1. Organization. The JSTPS service participation is as follows:
AF 146, Navy 41, Army 10, USMC 3. All division chiefs are AF. Where a Navy Deputy Division Chief is assigned he has been paralleled by a AF Deputy Division Chief of higher seniority. The JSTPS organization parallels the SAC organization; i.e. all SAC JSTPS members wear two hats and can reach DJSTPS through the SAC or JSTPS channels. The rationale for all of this has been, essentially, that JSTPS participation would be more or less proportionate to delivery force participation. Joint participation must be achieved. This is a national target list. What is done in the SIOP is important to the nation and all services. Army interest in theatre support, constraints, budgetary implications, command arrangements etc. cannot be properly presented or safeguarded without active Army participation. Army and Navy must present a common front for a truly JOINT JSTPS when the JSTPS is reorganized after the 1st of the year.
2. The SIOP is a capabilities plan. In spite of the NSTAP objectives ".....to establish an essential national task to be accomplished under the several conditions....." through the medium of a plan which will provide for the optimum integration of the committed forces for the attack of a minimum list of targets....an objectives list of targets has not been developed. Instead an open ended capabilities plan has emerged. This is of great significance to the Army. Force requirements for SIOP forces will be so demanding that the response of atomic capable forces to theatre commander requirements will be unsatisfactory. It must be appreciated that regardless of pious wording the operational control of committed atomic capable forces is withdrawn from Theatre Commanders in the initial phase of general war. This can only be acceptable if the task of these forces is properly limited and hence promptly completed - releasing forces for Theatre tasks. The ARMY interest here is primary and can only be safeguarded by active ARMY participation.

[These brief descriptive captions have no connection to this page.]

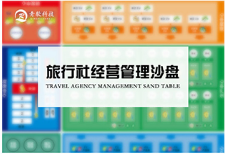 旅行社经营管理沙盘
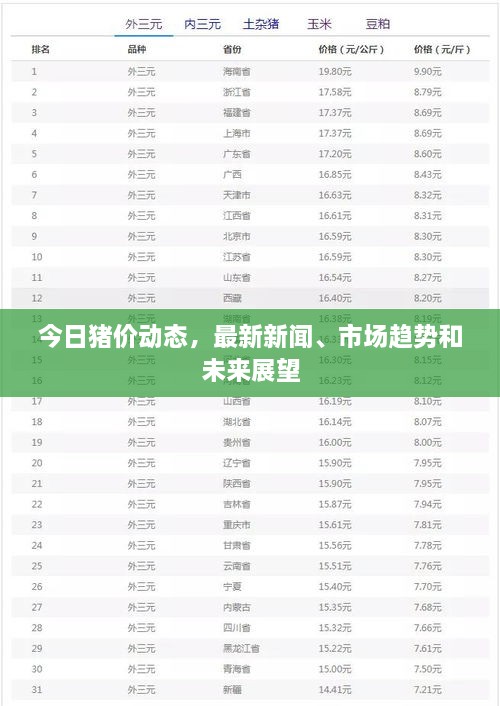 今日豬價(jià)動(dòng)態(tài)，最新新聞、市場趨勢和未來展望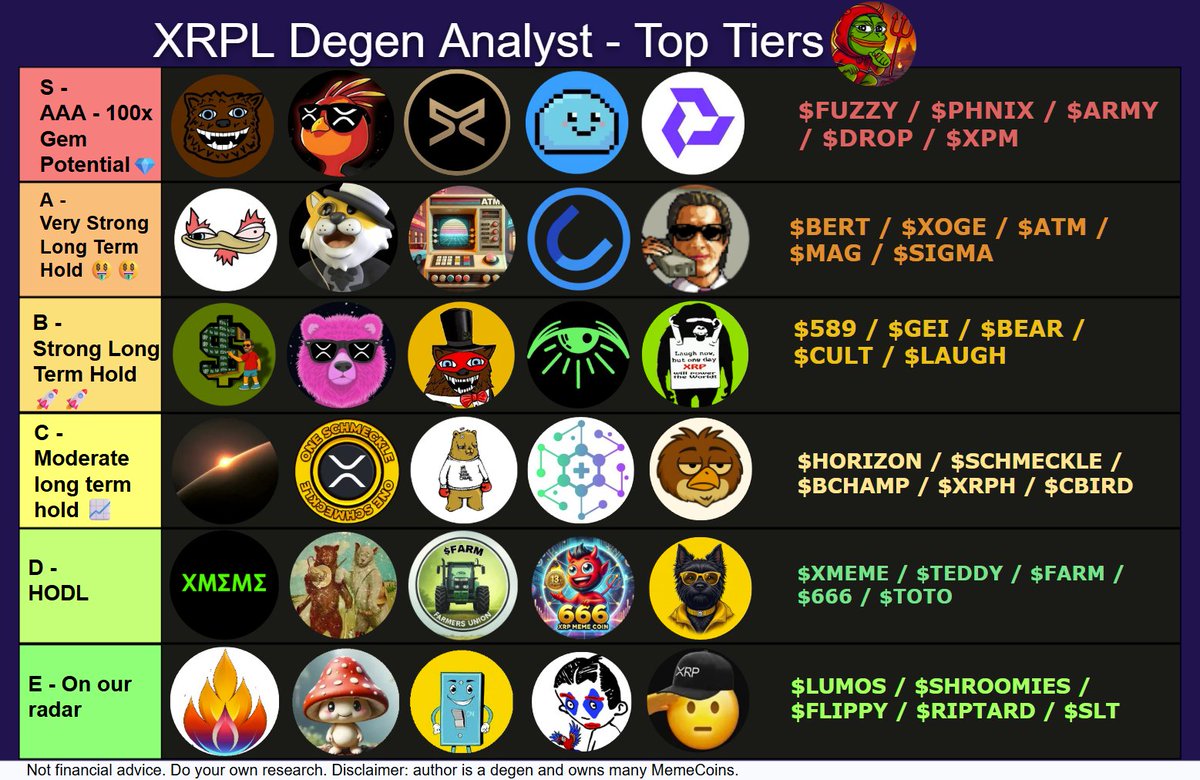 Luke, XRPL Analyst tweet media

3. Damage Criteria, Assurance of Success and Restraints Criteria. These factors are inter-related and have, great importance to the Army in an operational and budgetary sense. For example, the damage criteria stated is extremely high and is compounded by an interpretation of assurance of success guidance as high as 97% for some 200 DGZs.
This approach is the sort of thing that indicates that damage levels achieved at HIROSHIMA could only be achieved by 300-500 KT at BRL (vice 20 KT actually delivered). The weapons/force requirements implication of an approach of this sort should not be overlooked by the Army. Operationally, of course, delivery units are earmarked for excessive SIOP missions at the expense of the Theatre commander's requirements. Finally, the foregoing creates greatly excessive local fallout. At present reading world-wide contamination which may also be critical has not been assessed.
At any rate, JCS restraint guidance has been generally ignored in the name of military necessity. The Army must be extremely sensitive to the troop hazard aspect of this.
4. Intelligence. We suspect, and are trying to document, that SAC intelligence is being manipulated to serve SAC policy. The appropriateness of using reasonably interpreted national intelligence estimates in a NSTL is clear. The national interest demands that the outstanding Army intelligence capability be fully utilized in this critical area.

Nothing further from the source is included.